Building a minimal Scheme Interpreter in Rust
One of my main technical interests is programming languages and compilers. I have read a decent amount of material on the subject. Recently, I decided to put my knowledge into practice by building a simple language interpreter.
By the end of this guide we’ll have a minimal, working interpreter for a small subset of the Scheme programming language.
Note: This guide assumes that you’re relatively comfortable with Rust.
All source code for this guide is available on GitHub.
What is Scheme?
Scheme is a dialect of the Lisp programming language. In Scheme (just like in other Lisp dialects), programs consist purely of expressions. These expressions are technically known as S-Expressions.
An S-Expression (Symbolic Expression) is basically a list wrapped in parentheses with spaces between elements:
> (+ 1 2 3)
This is why everything in Lisp is usually considered to be a list. In fact, the name Lisp is an acronym for LISt Processing.
Other Lisp dialects are Common Lisp, Racket, and Clojure.
Syntax and Semantics of A Scheme Program
Scheme syntax is much simpler compared to most other programming languages:
- As we’ve already mentioned, Scheme programs consist solely of expressions. There is no distinction between a statement and an expression.
- Numbers (e.g. 10) and symbols (e.g. X) are called atomic expressions; they cannot be broken into smaller pieces. In Scheme, operators such as +, /, and > are symbols too.
- Everything else is a list expression, i.e. an “(“, followed by zero or more expressions, followed by a “)”. The first element of the list determines its syntactic meaning:
- A list starting with a keyword, e.g. (if …), is a special form; the meaning depends on the keyword.
- A list starting with a non-keyword, e.g. (fn …), is a function call.
You can read more about the syntax rules of Scheme programs from Peter Norvig’s excellent article.
The Structure of A Language Interpreter
At a high level, a language interpreter has the following parts:
- The lexer (sometimes called a scanner), takes in the program source code and breaks it up into a series of tokens.
- The parser takes in tokens from the lexer and creates an abstract syntax tree (AST).
- The evaluator evaluates the AST and produces the final result of the program.
With the preliminaries out of the way, let’s get started.
This guide is divided into seven steps:
- Step 1 - Initialize a new project
- Step 2 - Lexical Analysis
- Step 3 - Parsing
- Step 4 - Evaluation
- Step 5 - Create a REPL
- Step 6 - Run the program
- Step 7 - Add tests
Step 1: Initialize a new project
Create a new Rust project by running the following in your shell:
$ cargo new rustyscm
$ cd rustyscm
The rustyscm
directory will have the following file structure:
.
├── Cargo.lock
├── Cargo.toml
└── src
└── main.rs
Step 2: Lexical Analysis
Lexical analysis breaks up a program’s source code into a sequence of tokens.

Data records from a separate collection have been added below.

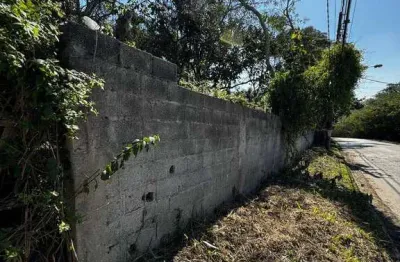 Terreno à venda no Jardim Emília, Embu-Guaçu 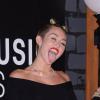 Miley Cyrus excentrique sur le tapis-rouge des MTV VMA 2013, le 25 août 2013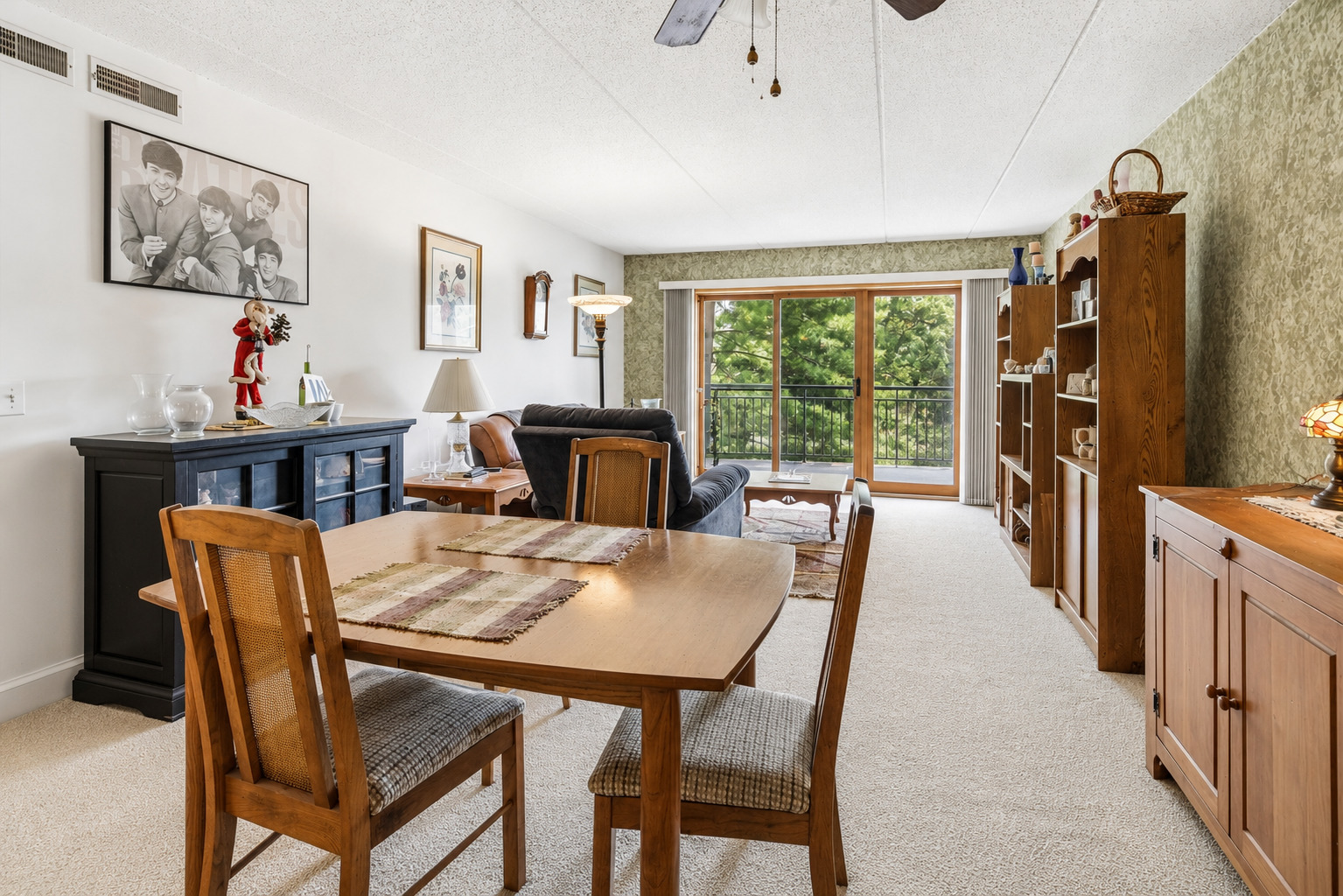 5320 N Lowell Avenue Unit: 205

In the small subset of Scheme that we are building, we have the following tokens:
- Parentheses: “(“ and “)”
- Numbers: 64-bit floating-point numbers
- Symbols: Any group of characters other than a number or parenthesis
In Rust, we’ll represent the tokens with an enum:
File: src/lexer.rs
#[derive(Debug, Clone, PartialEq)]
pub enum Token {
OpenParen,
CloseParen,
Number(f64),
Symbol(String),
}
We also implement the Display
trait for Token
:
File: src/lexer.rs
impl std::fmt::Display for Token {
fn fmt(&self, f: &mut std::fmt::Formatter) -> std::fmt::Result {
match self {
Token::OpenParen => write!(f, "("),
Token::CloseParen => write!(f, ")"),
Token::Number(n) => write!(f, "{}", n),
Token::Symbol(s) => write!(f, "{}", s),
}
}
}
The main process of tokenization is done by the tokenize function:
File: src/lexer.rs
pub fn tokenize(expr: &str) -> Result<Vec<Token>, String> {
let expr = expr.replace("(", " ( ").replace(")", " ) "); // add spaces around each paren
let words = expr.split_whitespace(); // delimit characters by whitespace
let mut tokens: Vec<Token> = Vec::new();
// convert words into tokens using pattern matching and add to the vector
for word in words {
match word {
"(" => tokens.push(Token::OpenParen),
")" => tokens.push(Token::CloseParen),
_ => {
let i = word.parse::<f64>();
if i.is_ok() {
tokens.push(Token::Number(i.unwrap()));
} else {
tokens.push(Token::Symbol(word.to_string()));
}
}
}
}
Ok(tokens)
}
The tokenize funtion takes as input an expression (a string of characters) and returns a vector of tokens.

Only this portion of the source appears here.